The Defreest Homestead was listed on the National Register of Historic Places in 1977.

==Geography==
According to the United States Census Bureau, the town has a total area of 19.0 sqmi, of which 18.7 sqmi is land and 0.3 sqmi (1.74%) is water. The western section of the town is steeply sloped and cut by various ravines; the clay bluffs rise between 100 and 200 ft above the river with little to no flood plain. The central and eastern parts consist of more gently rolling hills and valleys.
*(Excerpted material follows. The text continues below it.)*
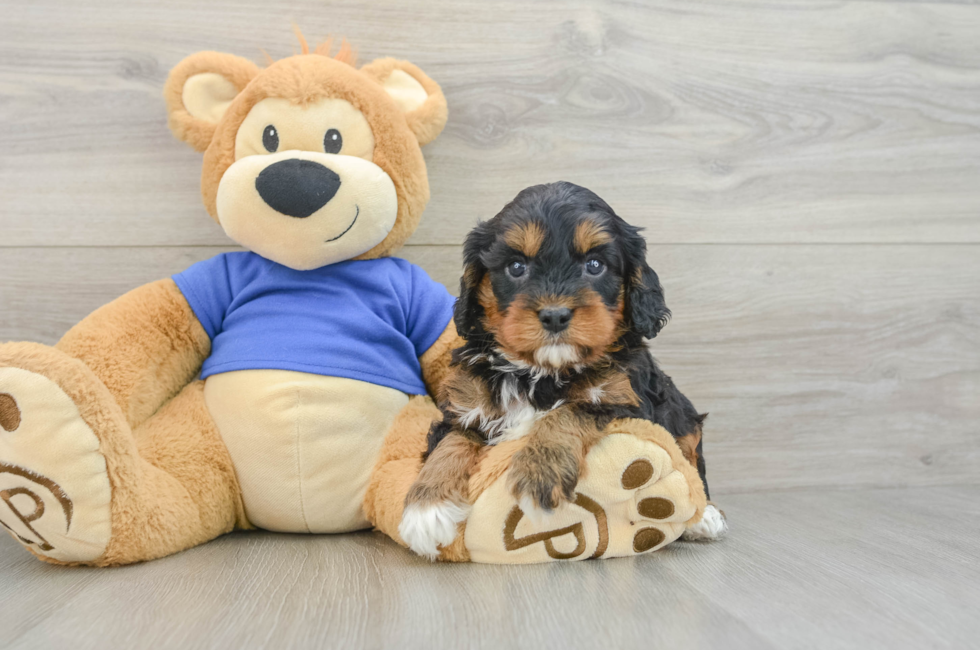 7 week old Cavapoo Puppy For Sale - Windy City Pups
The Hudson River is the river of the town, though it is inaccessible to the public at this time; the Wynants Kill in the northeastern section is a creek of some respectable size. Snyder's Lake near the eastern border is the largest lake in the town and is accessible to the public.

The west town line is marked by the Hudson River with Albany County on the opposite shore. The city of Albany shares a brief common border with the town, the rest of the western boundary in the Hudson River is shared with the village of Menands within the town of Colonie. To the north is Troy and the town of Brunswick with the towns of Poestenkill and Sand Lake to the east. Most of the southern border is shared with East Greenbush, while the city of Rensselaer's northern section is partially surrounded by North Greenbush in the town's southwestern corner.

==Demographics==

As of the census of 2000, there were 10,805 people, 4,161 households, and 2,916 families residing in the town. The population density was 578.0 PD/sqmi. There were 4,336 housing units at an average density of 232.0 /sqmi. The racial makeup of the town was 96.81% White, 1.01% African American, 0.09% Native American, 0.76% Asian, 0.01% Pacific Islander, 0.24% from other races, and 1.08% from two or more races. Hispanic or Latino of any race were 0.85% of the population.
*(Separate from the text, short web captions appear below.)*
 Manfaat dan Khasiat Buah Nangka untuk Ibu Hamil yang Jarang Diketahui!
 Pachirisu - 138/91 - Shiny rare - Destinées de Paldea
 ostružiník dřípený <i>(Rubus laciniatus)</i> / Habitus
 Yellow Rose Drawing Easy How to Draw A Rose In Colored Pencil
There were 4,161 households, out of which 30.0% had children under the age of 18 living with them, 57.5% were married couples living together, 9.0% had a female householder with no husband present, and 29.9% were non-families. Of all households, 25.2% were made up of individuals, and 11.9% had someone living alone who was 65 years of age or older. The average household size was 2.47 and the average family size was 2.97.

In the town, the age distribution of the population shows 22.6% under the age of 18, 5.8% from 18 to 24, 27.7% from 25 to 44, 25.0% from 45 to 64, and 18.8% who were 65 years of age or older. The median age was 41 years. For every 100 females, there were 89.7 males. For every 100 females age 18 and over, there were 86.9 males.

The median income for a household in the town was $82,227, and the median income for a family was $62,845. Males had a median income of $40,872 versus $29,743 for females. The per capita income for the town was $24,025. About 2.0% of families and 3.0% of the population were below the poverty line, including 3.0% of those under age 18 and 2.5% of those age 65 or over.

Historical population
| Census | Pop. | Note | %± |
| 1860 | 2,170 |  | — |
| 1870 | 3,058 |  | 40.9% |
| 1880 | 4,131 |  | 35.1% |
| 1890 | 4,768 |  | 15.4% |
| 1900 | 4,719 |  | −1.0% |
| 1910 | 1,293 |  | −72.6% |
| 1920 | 1,425 |  | 10.2% |
| 1930 | 2,215 |  | 55.4% |
| 1940 | 3,223 |  | 45.5% |
| 1950 | 4,913 |  | 52.4% |
| 1960 | 8,161 |  | 66.1% |
| 1970 | 10,513 |  | 28.8% |
| 1980 | 10,396 |  | −1.1% |
| 1990 | 10,891 |  | 4.8% |
| 2000 | 10,805 |  | −0.8% |
| 2010 | 12,075 |  | 11.8% |
| 2020 | 13,929 |  | 15.4% |
U.S. Decennial Census

==Notable person==

- John Evert Van Alen, U.S. Representative

== Communities and locations in North Greenbush ==
- Defreestville - A hamlet in the southwestern part of the town at the junction of US 4 and NY 43. The community derives its name from the local DeFreest family. The Sharpe Homestead and Cemetery and John Evert Van Alen House are listed on the National Register of Historic Places.
- Snyders Corner - A hamlet north of Snyder's Lake and southeast of Wynantskill at the junction of West Sand Lake and Snyders Corner roads.
- Snyder's Lake - A hamlet occupying the majority of North Greenbush's eastern side.
- Wynantskill - A hamlet on the northern town line by the town's northeastern corner.